W połowie lat sześćdziesiątych XX wieku amerykański meteorolog Edward Lorenz odkrył coś, co go zaintrygowało.
Wprowadzał dane do komputera w celu symulacji ruchu mas powietrza i w pewnym momencie zdecydował się wpisać te dane z pominięciem kilku miejsc po przecinku, mając pewność, że różnica w ostatecznym rozrachunku będzie nieznaczna. Ku jego zaskoczeniu, niewielkie zmiany w danych wejściowych całkowicie zmieniły wzór mas powietrza. "To tak, jakby trzepot skrzydeł motyla w Brazylii spowodował tornado w Teksasie chwilę później." skomentował.
Odkrycie to stało się znane jako "efekt motyla" dając początek obszernej bibliografii, a nawet filmom. Opracowana na tej podstawie teoria, znana jako "teoria chaosu", pokazuje, że minimalne zmiany warunków początkowych mogą mieć ogromny wpływ na efekty końcowe. Z czasem naukowcy zdali sobie sprawę, że ta sama nieprzewidywalność pojawia się niemal we wszystkim, od rytmu bicia serca po notowania giełdowe.

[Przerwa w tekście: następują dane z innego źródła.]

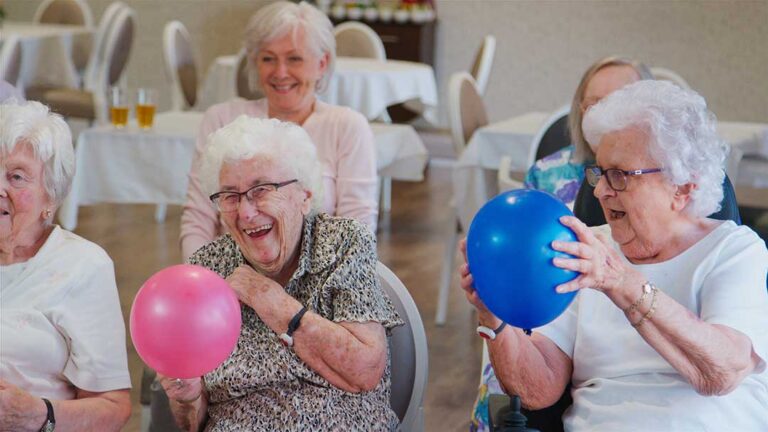 Older adults and staff having a respectful conversation at a communal table in an assisted living residence.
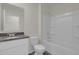 Clean bathroom with granite vanity, white cabinets, and a bathtub at 957 King Parc Rd, Orange City, FL 32763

A co "efekt motyla" ma wspólnego z myślami?... Z samym procesem generowania myśli - nic. Ale z efektami i konsekwencjami aktu myślenia - wszystko!
Myśl powstająca z uczuciowej woli jest kształtowana zgodnie z bardzo specyficzną klasą myśli, które mogą być dobre lub złe. Kiedy taka myśl się rodzi, wzmacnia podobne myśli lub jest przez nie wzmacniana, tak że poprzez łączenie tych podobnych myśli, początkowa myśl zostaje zasilona. Taka zasilona myśl, która zawsze pozostaje w związku z osobą, która ją wygenerowała, może mieć wpływ na inne osoby, których życie wewnętrzne jest tego samego rodzaju, co życie osoby, która miała pierwotną myśl.

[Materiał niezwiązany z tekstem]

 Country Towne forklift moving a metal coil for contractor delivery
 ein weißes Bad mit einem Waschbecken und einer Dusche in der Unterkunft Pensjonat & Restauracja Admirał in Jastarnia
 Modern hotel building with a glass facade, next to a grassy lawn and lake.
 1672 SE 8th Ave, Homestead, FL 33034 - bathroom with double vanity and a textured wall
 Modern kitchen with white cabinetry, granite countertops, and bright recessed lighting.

Osoby dotknięte tymi zasilonymi myślami mogą następnie zachowywać się lub generować podobne myśli, które z kolei wpływają na wiele innych osób, aby również działały zgodnie z podstawowym gatunkiem pierwotnej myśli, w nieustannie mnożącym się skutku, którego nie można wcześniej przewidzieć.

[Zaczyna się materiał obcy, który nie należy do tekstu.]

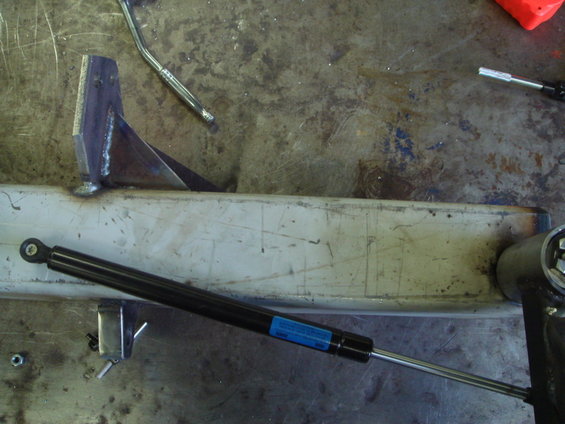 Metal bracket welded to a beam with a black gas strut attached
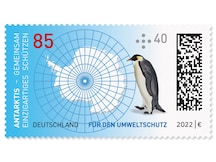 Kaiserpinguin betrachtet die Karte des Eisschildes mit Längen   und Breitengraden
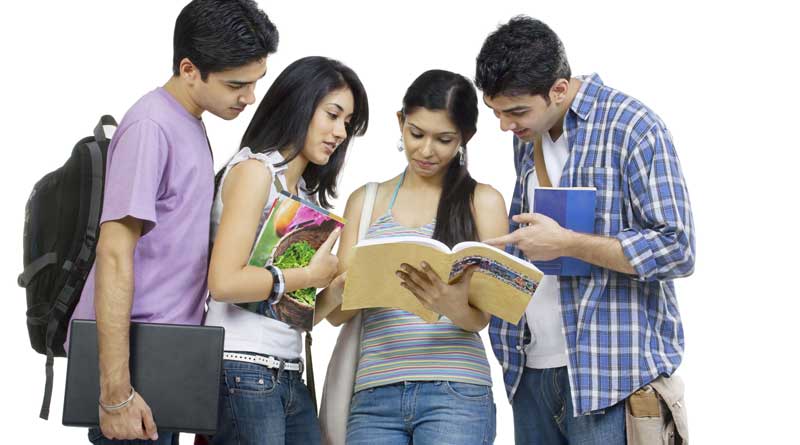 A group of four college students studying together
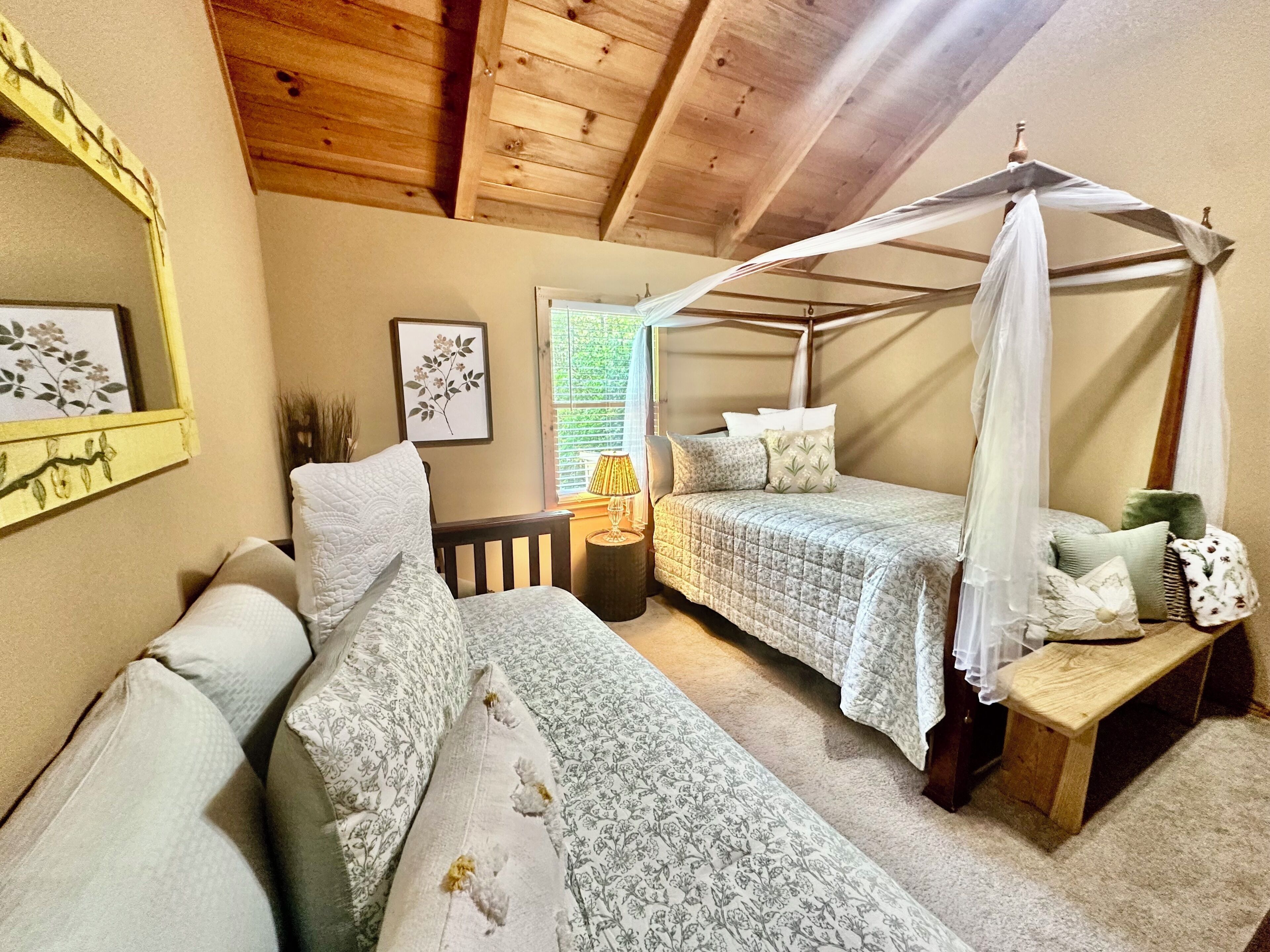 A bedroom with a canopy bed, a sofa, a bench, and a bedside table.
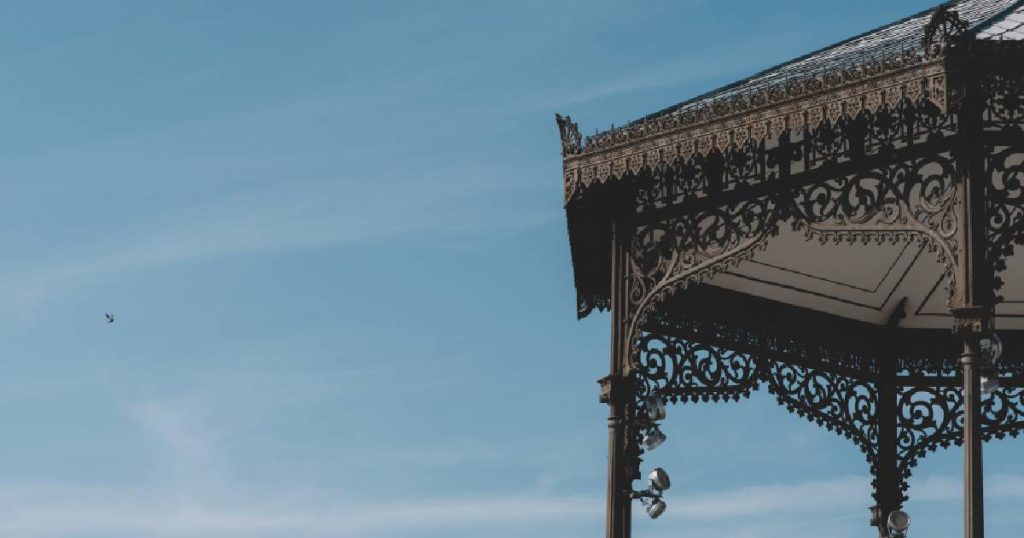 Het dak van een smeedijzeren serre, afgewerkt met complexe, krullende en ronde vormen.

Wszystko, co zostało spowodowane przez pierwotną silną myśl, będzie miało odpowiedni związek z inicjującym generatorem, dokładnie w takim stopniu, w jakim przyczyni się do całego łańcucha wydarzeń, powodując odpowiednią karmę. W ten sposób skutki dla pierwotnego generatora tej pojedynczej myśli będą wielorakie.
Jeśli pierwotna myśl była dobrej natury, nie ma się czego obawiać; błogosławieństwa dla jej inicjatora zostaną po prostu pomnożone. Ale jeśli myśl była nieczysta lub miała złą naturę... rezultat może być druzgocący dla tego pierwszego generatora i każdego, kto później przyczynił się do długiego łańcucha złych myśli i czynów.
Stąd jest to ogromna odpowiedzialność, którą musimy ponosić w związku z wyborem dobrego lub złego myślenia, ponieważ skutki będą się mnożyć, tak jak zasianie jednego ziarna kukurydzy daje wiele kolb kukurydzy.